No es cierto, como quiere la leyenda, que no se lo lea. Se vendieron más de cincuenta mil ejemplares de Dormir al sol, veinte mil de Historias fantásticas, quizá cien mil de La invención de Morel. Ocurre que no lo vemos por televisión ni lo oímos denunciar infortunios; es demasiado pudoroso para suponer que su voz importa tanto como su palabra. “Para sobrellevar la historia contemporánea, lo mejor es escribirla”, anotó en sus apuntes.
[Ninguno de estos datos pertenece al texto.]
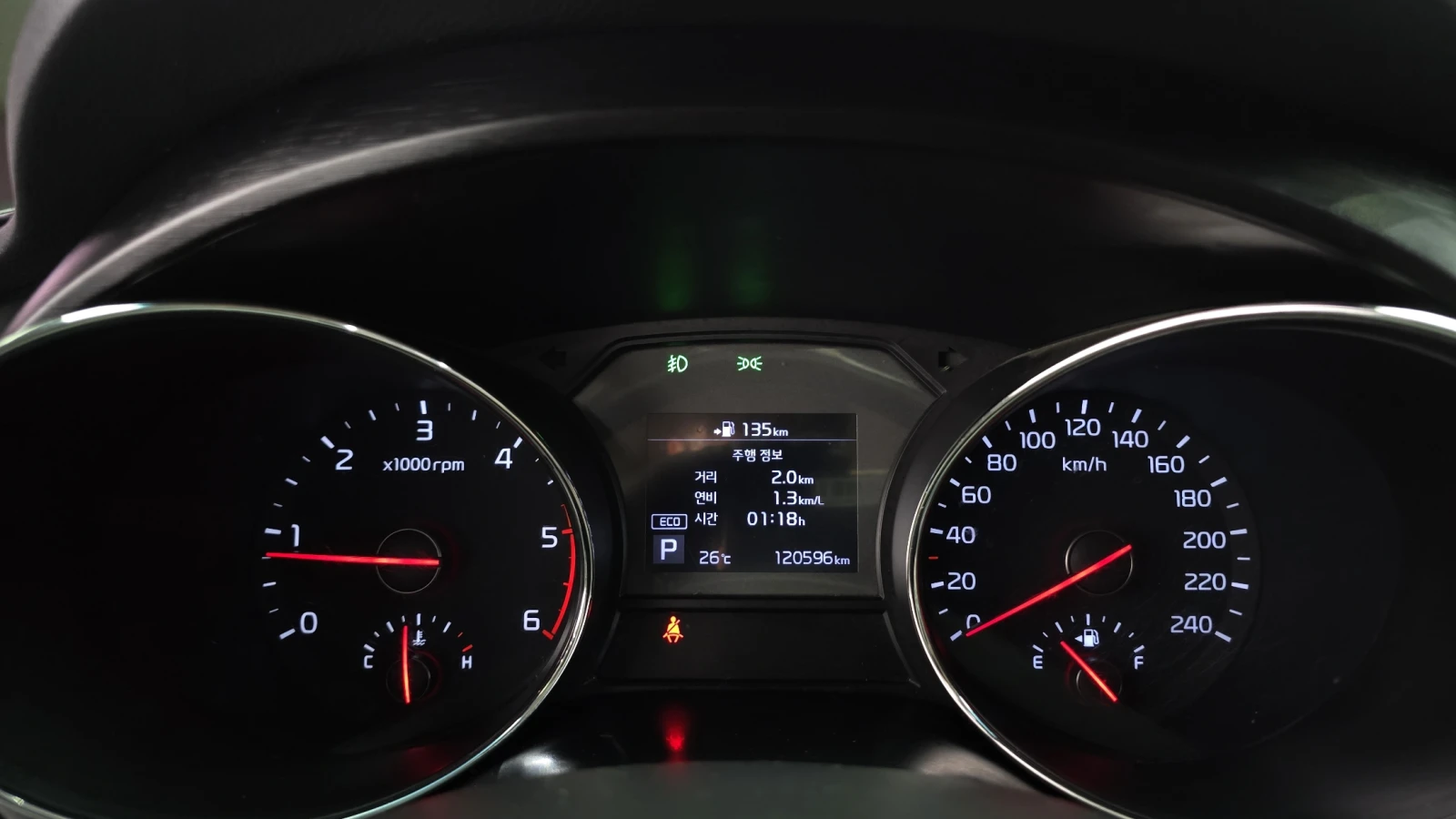 Kia Carnival ПОДГРЕВ ВОЛАН* КРАЙНА ЦЕНА, снимка 8 - Автомобили и джипове - 56024653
Regresa en estos días a Buenos Aires. En abril tendrá que volver a España para recibir el Cervantes de manos del rey. “Muchas veces a lo largo de mi vida he soñado con la idea de recibir una noticia que altere mi destino”, dice Félix Ramos en Dormir al sol. Una noticia así, quizás. Este verano Bioy andará desconcertado por esos barrios fantasmales que Arlt y él inventaron. Por ahí caminan sus héroes pequeños, creados con un talento gigantesco, tal vez irrepetible en la vacía posmodernidad.
“Me gustaría escribir novelas que el lector recordara como sueños”, ha dicho. Justamente, de eso se trata: de Emilio Gauna que recordó su propia muerte; del Perseguido y de Faustine en la isla; de los viejos acosados y de Lucio Bordenave, relojero. Un universo soñado en días de insomnio fantástico, durmiendo a pleno sol.
Este texto de Osvaldo Soriano fue publicado en Página/12 el 25 de noviembre de 1990 a propósito del Premio Cervantes otorgado a Adolfo Bioy Casares. Luego fue recopilado en Cómicos, tiranos y leyendas (Seix Barral), donde se recogieron los textos inéditos en libro.